Sunday, April 01, 2007

Stay ahead of the pack

Last Thursday I attended the latest event held by the Canadian Society of Magazine Editors (CSME). The session was called "Bulletproof Your Career" and featured special guests Kim Pittaway (writer and former editor of Chatelaine) and Laas Turnbull (executive VP of Brunico Communications Inc. and former editor of Report on Business Magazine and Shift).

Here I've paraphrased a few of Laas and Kim's expert tips on how to stay ahead of the pack in the magazine biz:

Figure out what you excel at and sell that. Are you a phenomenal writer, packaging wizard or display copy virtuoso? Do you constantly have your finger on the next big trend? Can you coach and nurture writers to excellence? Figure out what your strengths are and promote that aspect of yourself in your resume, cover letters, interviews and at work. Work at becoming known for what you're good at.

In an industry such as ours, you never know when the next opportunity is going to present itself. Or, for that matter, when circumstances will change and you'll be on the hunt for it.

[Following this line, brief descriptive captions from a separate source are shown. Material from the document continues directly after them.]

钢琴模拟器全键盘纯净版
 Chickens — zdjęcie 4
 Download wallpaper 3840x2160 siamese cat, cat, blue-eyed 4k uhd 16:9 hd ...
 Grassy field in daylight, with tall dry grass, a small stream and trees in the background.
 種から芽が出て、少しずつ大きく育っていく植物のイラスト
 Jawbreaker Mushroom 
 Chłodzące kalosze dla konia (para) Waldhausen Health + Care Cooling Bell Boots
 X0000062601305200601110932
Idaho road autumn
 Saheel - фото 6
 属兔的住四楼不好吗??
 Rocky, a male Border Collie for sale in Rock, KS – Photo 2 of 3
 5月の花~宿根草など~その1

Doing your job well is the best thing you can do to market yourself. This is a small industry and people talk. Editors often pick up the phone to call a friend and find out what what's-his-name is really like. (I've done it myself.) Or, they'll be looking for a person who's particularly good at such-and-such and asking for recommendations. Word-of-mouth is a powerful thing – make sure they're saying good things about you.

By networking -- such as being a part of a community like Ed2010, doing freelance work or volunteering for things like Magazines University or Magazines Canada -- you're making connections in the biz. Again, this industry is small, so getting to know people at other magazines, as well as meeting people in other industries, is important. You never know when you'll be working with them, or when they'll be in a position to lend you a hand (or when you'll be able to help them out). For example, some job opportunities aren't advertised and the only way to find out about them is by word-of-mouth. If you're hooked into the grapevine, you'll hear about those opportunities.

Good luck!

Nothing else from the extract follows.